**Task statement:**
I'd like the data beneath this line reproduced exactly, without any of its images.

**Recorded information:**
=== Section Start ===
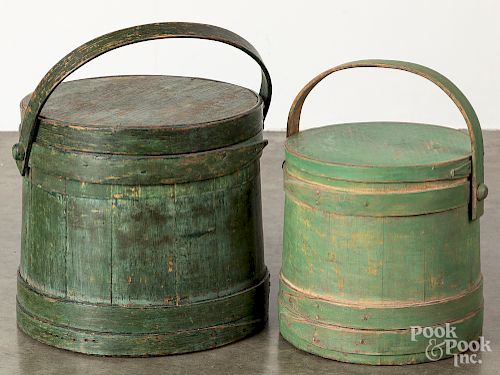 Two green painted firkins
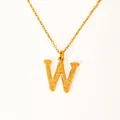 Detail of 18k gold plated letter W pendant with vintage textured finish on thin chain - Letter W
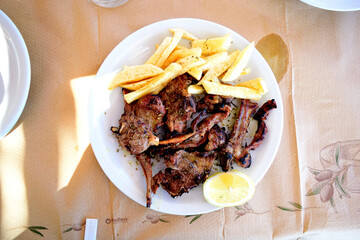 grilled steak with french fries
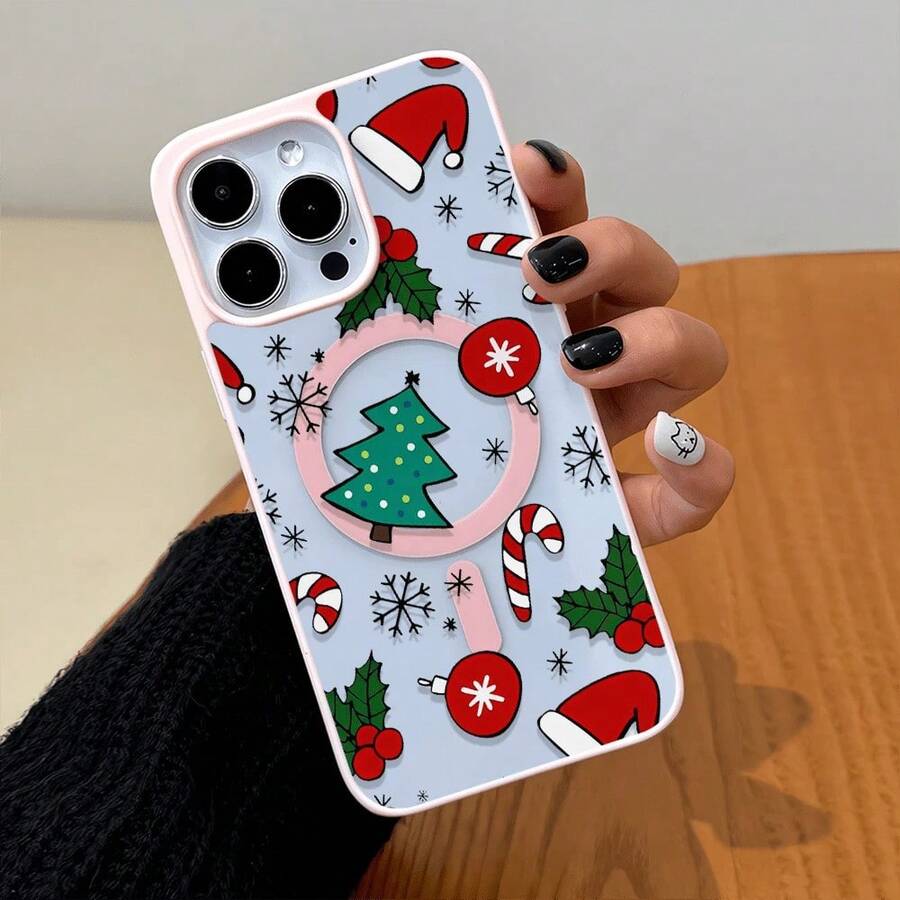 Funda navideña para phone 17 Pro Max (1 unidad), diseño de árbol, sencilla y elegante, con imán, compatible con los modelos 11/12/13/14/15/16/17//Pro/Plus/Pro y S22/223/824/S25/Ultra/FE, y compatible con carga inalámbrica. Ideal para regalar a amigos, también se puede usar en ocasiones especiales como Año Nuevo, San Valentín, etc. - Rosa - Ver 1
=== Section End ===
**Your response:**
 Two green painted firkins
 Detail of 18k gold plated letter W pendant with vintage textured finish on thin chain - Letter W
 grilled steak with french fries
 Funda navideña para phone 17 Pro Max (1 unidad), diseño de árbol, sencilla y elegante, con imán, compatible con los modelos 11/12/13/14/15/16/17//Pro/Plus/Pro y S22/223/824/S25/Ultra/FE, y compatible con carga inalámbrica. Ideal para regalar a amigos, también se puede usar en ocasiones especiales como Año Nuevo, San Valentín, etc. - Rosa - Ver 1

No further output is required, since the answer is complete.